Memorandum submitted by Research Councils UK (RCUK) (GEO 10)


  1.  Research Councils UK (RCUK) is a strategic partnership set up to champion the research supported by the seven UK Research Councils. RCUK was established in 2002 to enable the Councils to work together more effectively to enhance the overall impact and effectiveness of their research, training and innovation activities, contributing to the delivery of the Government's objectives for science and innovation. Further details are available at

  2.  This evidence is submitted by RCUK on behalf of the Economic and Social Research Council (ESRC) and the Natural Environment Research Council (NERC) and represents their independent views. It does not include or necessarily reflect the views of the Department for Business, Innovation, and Skills.

  3.  The ESRC and the NERC have contributed to the main text of this response. NERC input was provided by Swindon Office staff, the Plymouth Marine Laboratory, and the Oceans 2025 programme. In the preparation of this submission it has been agreed that beyond the potential funding of high quality research there are no conflicts of interest to declare.

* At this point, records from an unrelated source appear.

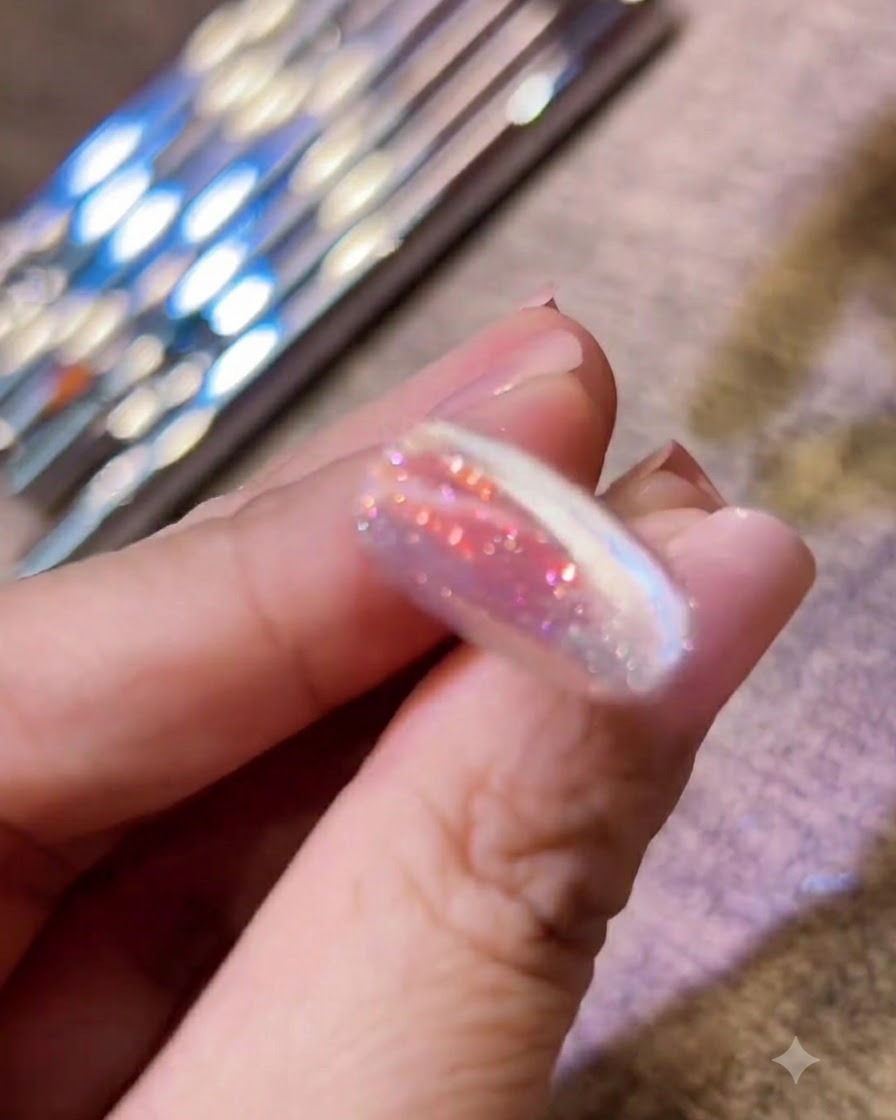 Mano descansando dentro de una lámpara de uñas UV/LED con luz morada curando el gel.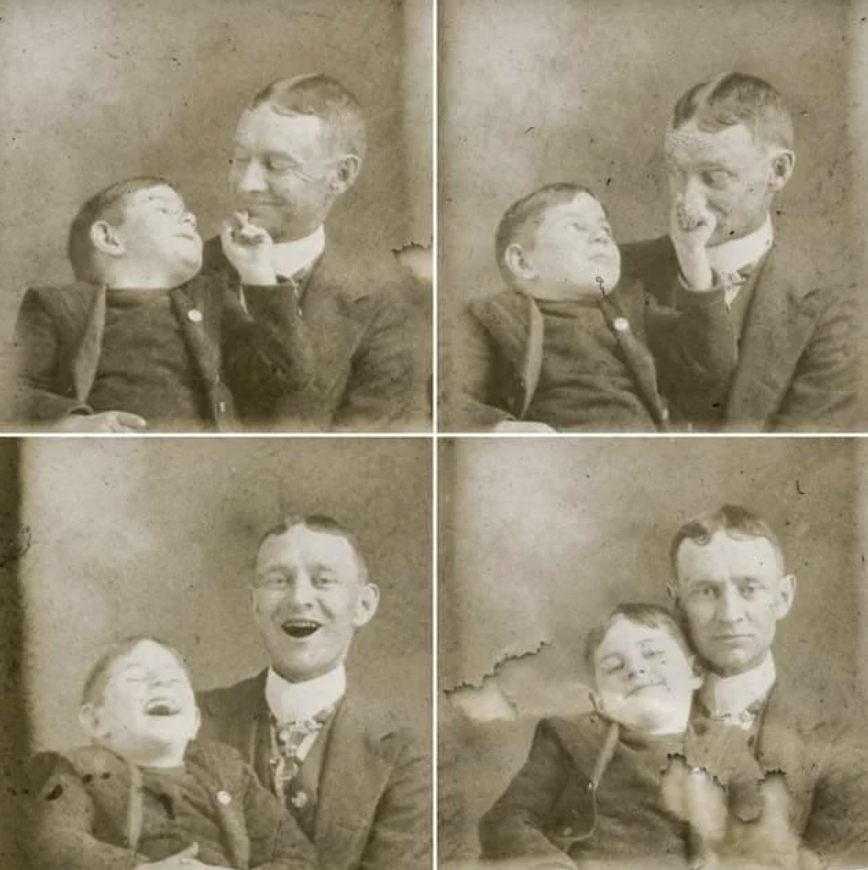 father and son goofing off 1910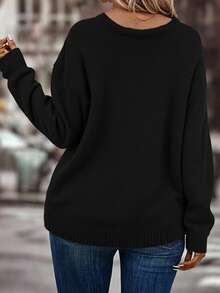 "Suéter de Punto con Cuello V y Collarin - Cómodo, Elegante y Versátil para Estilo Cotidiano" - Negro - Ver 2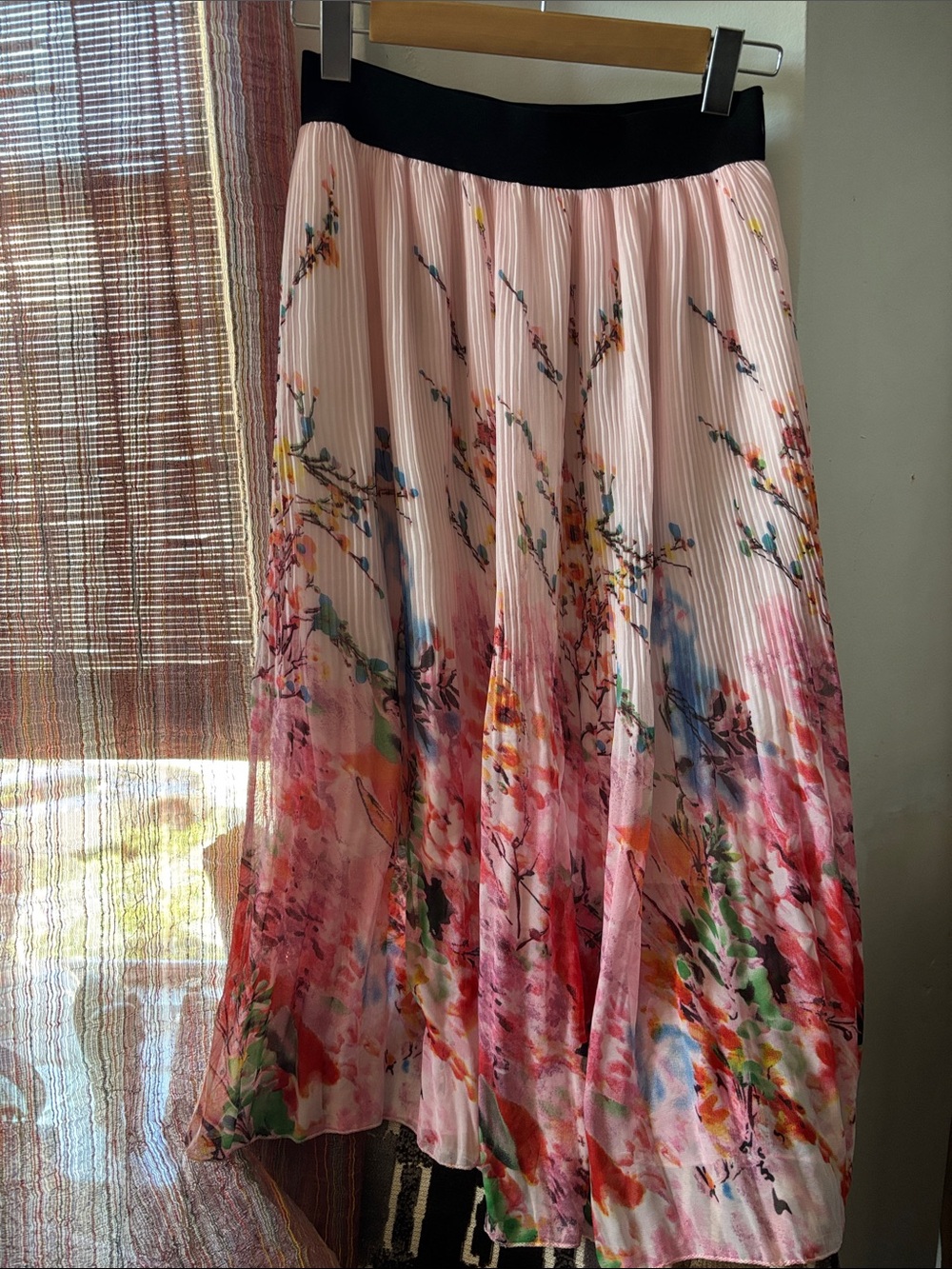Pleated Floral Midi Skirt - Pink Multi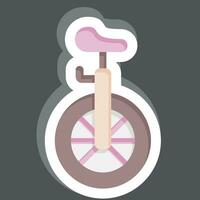 Sticker Unicycle. related to Amusement Park symbol. glyph style. simple design editable. simple illustration vector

  4.  While the term "geoengineering" is useful to collectively refer to methods of large-scale intervention in the global climate, it is worth noting that technologies fall into two distinct categories; those which remove CO2 (or other GHG) from the atmosphere (Carbon Dioxide Removal techniques—CDR); and those that mediate the level of sunlight and heat that is absorbed by the Earth (Solar Radiation Management techniques—SRM). Different techniques offer different opportunities, have different effects and carry different risks which raise different questions about the regulation of geoengineering.

  5.  Given the limited geoengineering research undertaken to date, the major social, environmental and technological uncertainties associated with its developmental infancy, and the specificity of the various techniques and technologies collectively referred to as geoengineering, it is not yet appropriate to outline a definitive framework for its regulation. Indeed, given the levels of uncertainty it is essential that all mechanisms established to regulate geoengineering are able to adapt to the evolving technological, environmental, and socio-political context within which they operate.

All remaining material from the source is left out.